Senator McCarthy stirred up further fear in the United States of communists infiltrating the country by saying that communist spies were omnipresent, and he was America's only salvation, using this fear to increase his own influence. In 1950 Joseph McCarthy addressed the senate, citing 81 separate cases, and made accusations against suspected communists. Although he provided little or no evidence, this prompted the Senate to call for a full investigation. [36]
Senator McCarran introduced the McCarran Internal Security Act of 1950 that was passed by the U.S. Congress and which modified a great deal of law to restrict civil liberties in the name of security. President Truman declared the act a "mockery of the Bill of Rights" and a "long step toward totalitarianism" because it represented a government restriction on the freedom of opinion. He vetoed the act but his veto was overridden by Congress. [37] Much of the bill eventually was repealed.

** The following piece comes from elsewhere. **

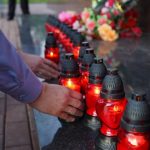 Судебные эксперты Витебской области почтили память погибших, зажгли огни памяти и возложили цветы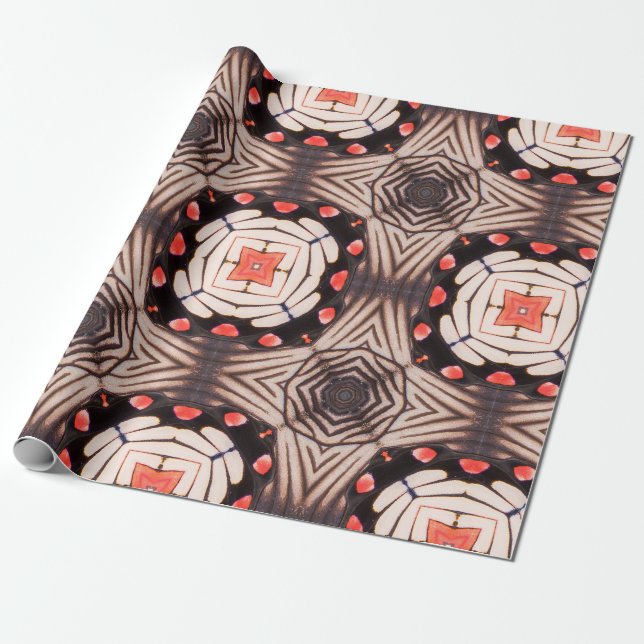 Butterfly, Beautiful seamless pattern made from bu Wrapping Paper (Unrolled)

The formal establishment of the People's Republic of China in 1949 and the beginning of the Korean War in 1950 meant that Asian Americans, especially those of Chinese or Korean descent, came under increasing suspicion by both American civilians and government officials of being Communist sympathizers. Simultaneously, some American politicians saw the prospect of American-educated Chinese students bringing their knowledge back to "Red China" as an unacceptable threat to American national security, and laws such as the China Aid Act of 1950 and the Refugee Relief Act of 1953 gave significant assistance to Chinese students who wished to settle in the United States. Despite being naturalized, however, Chinese immigrants continued to face suspicion of their allegiance. The general effect, according to University of Wisconsin-Madison scholar Qing Liu, was to simultaneously demand that Chinese (and other Asian) students politically support the American government yet avoid engaging directly in politics. [38]
The Second Red Scare profoundly altered the temper of American society. Its later characterizations may be seen as contributory to works of feared communist espionage, such as the film My Son John (1952), about parents' suspicions their son is a spy. Abundant accounts in narrative forms contained themes of the infiltration, subversion, invasion, and destruction of American society by un–American thought. Even a baseball team, the Cincinnati Reds, temporarily renamed themselves the "Cincinnati Redlegs" to avoid the money-losing and career-ruining connotations inherent in being ball-playing "Reds" (communists).
In 1954, Congress passed the Communist Control Act of 1954 which prevented members of the communist party in America from holding office in labor unions and other labor organizations.
Examining the political controversies of the 1940s and 1950s, historian John Earl Haynes, who studied the Venona decryptions extensively, argued that Joseph McCarthy's attempts to "make anti-communism a partisan weapon" actually "threatened [the post-War] anti-Communist consensus", thereby ultimately harming anti-communist efforts more than helping them. [20] Meanwhile, the "shockingly high level" of infiltration by Soviet agents during WWII had largely dissipated by 1950. [20] Liberal anti-communists like Edward Shils and Daniel Moynihan had contempt for McCarthyism, and Moynihan argued that McCarthy's overreaction distracted from the "real (but limited) extent of Soviet espionage in America." [19] In 1950, President Harry Truman called Joseph McCarthy "the greatest asset the Kremlin has." [39]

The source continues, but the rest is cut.